- **What is required**
Each line starting at the one that contains "Osoba mocująca czarną" and ending at the one that contains "Our main cushion" must be returned exactly, and the rest of the listing is left out.

- **Data**
────────────────────
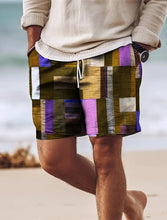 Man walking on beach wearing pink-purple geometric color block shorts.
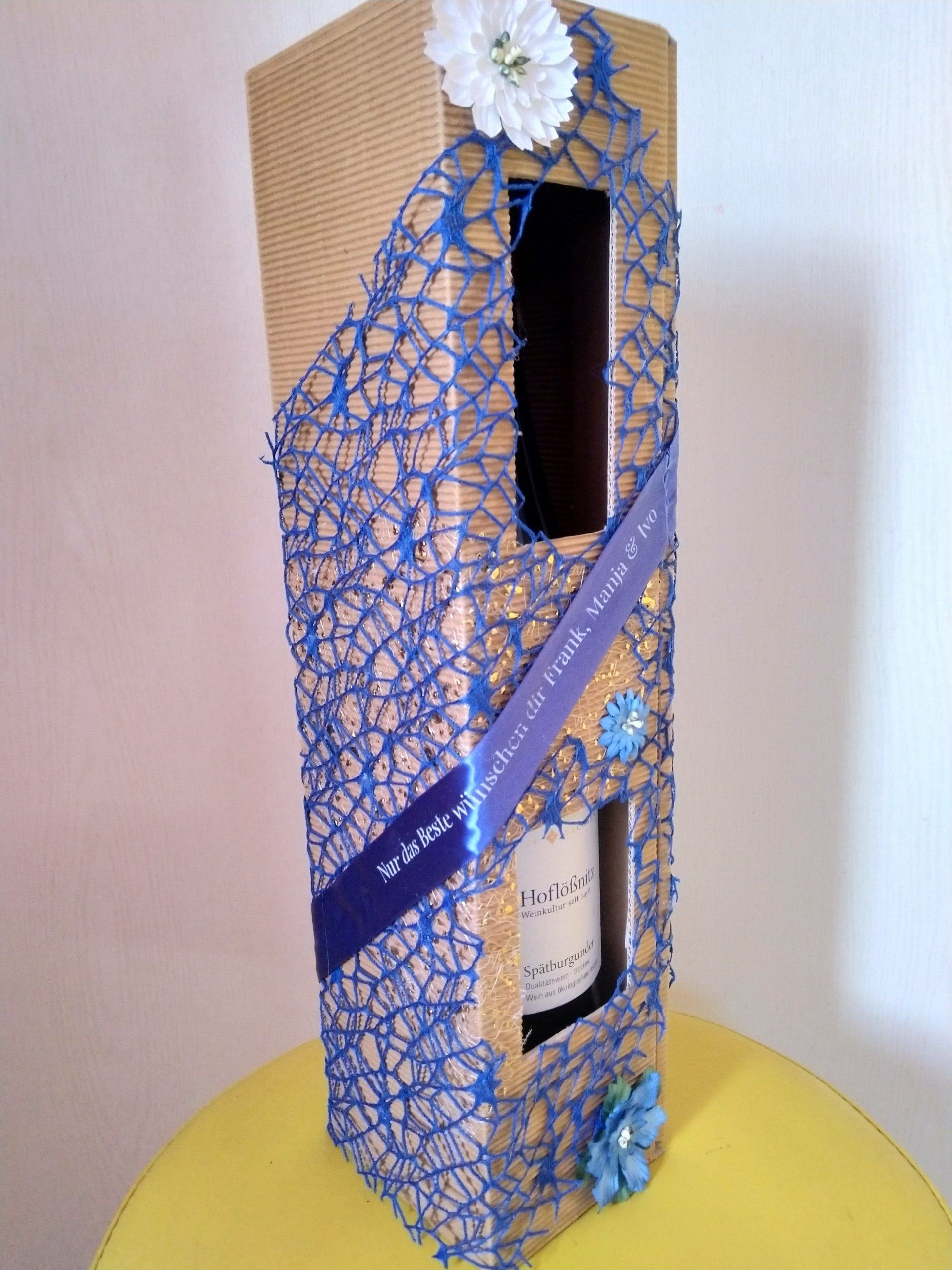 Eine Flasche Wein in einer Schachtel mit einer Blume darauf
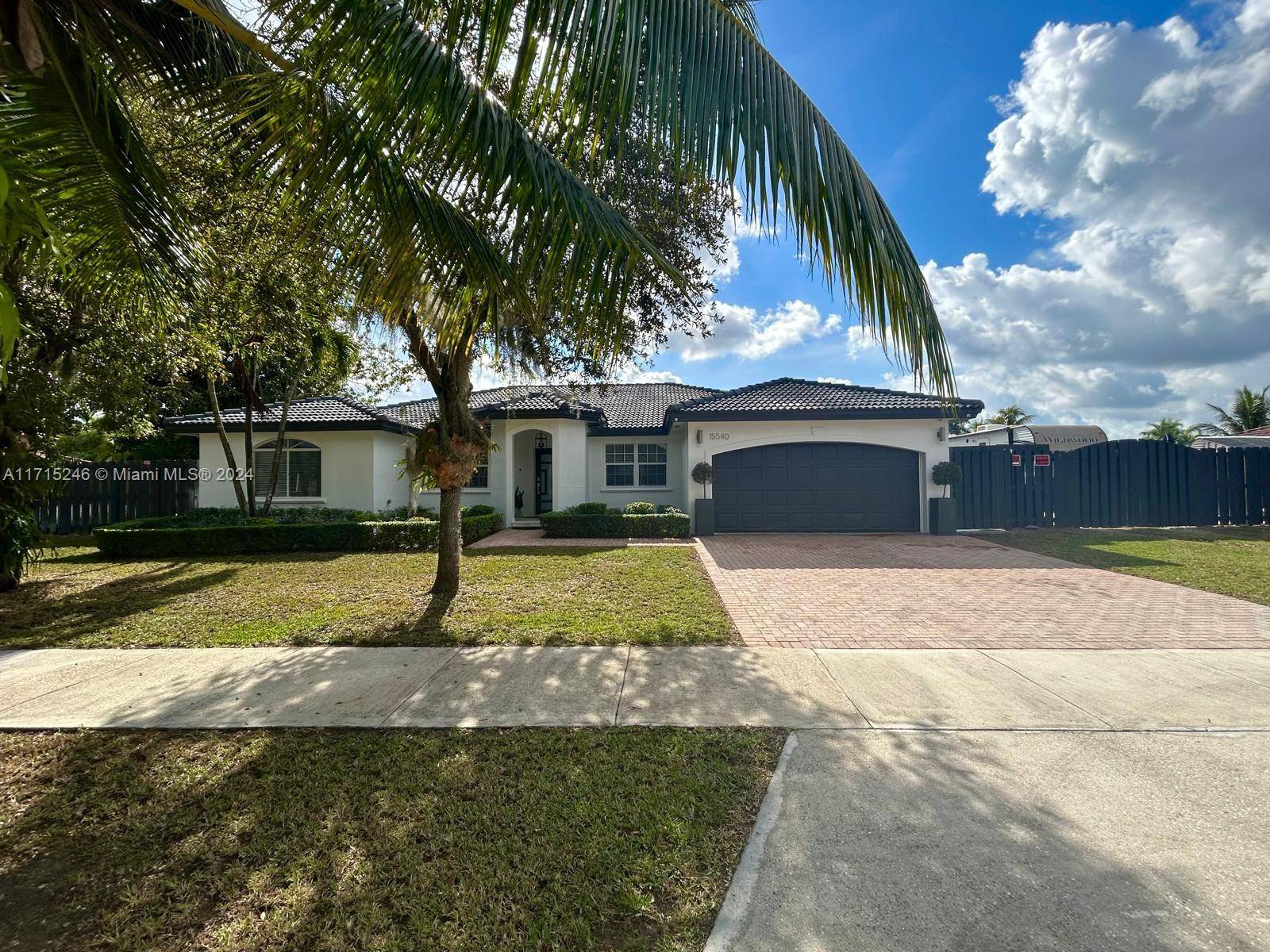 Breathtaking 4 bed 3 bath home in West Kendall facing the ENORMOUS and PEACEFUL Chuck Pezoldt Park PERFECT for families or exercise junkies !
────────────────────
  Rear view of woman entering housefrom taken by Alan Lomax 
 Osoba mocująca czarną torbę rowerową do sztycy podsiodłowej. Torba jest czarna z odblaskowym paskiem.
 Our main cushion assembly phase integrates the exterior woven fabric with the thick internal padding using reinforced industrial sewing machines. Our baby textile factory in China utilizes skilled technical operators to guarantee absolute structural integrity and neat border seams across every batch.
────────────────────
- **Exercise output**
 Osoba mocująca czarną torbę rowerową do sztycy podsiodłowej. Torba jest czarna z odblaskowym paskiem.
 Our main cushion assembly phase integrates the exterior woven fabric with the thick internal padding using reinforced industrial sewing machines. Our baby textile factory in China utilizes skilled technical operators to guarantee absolute structural integrity and neat border seams across every batch.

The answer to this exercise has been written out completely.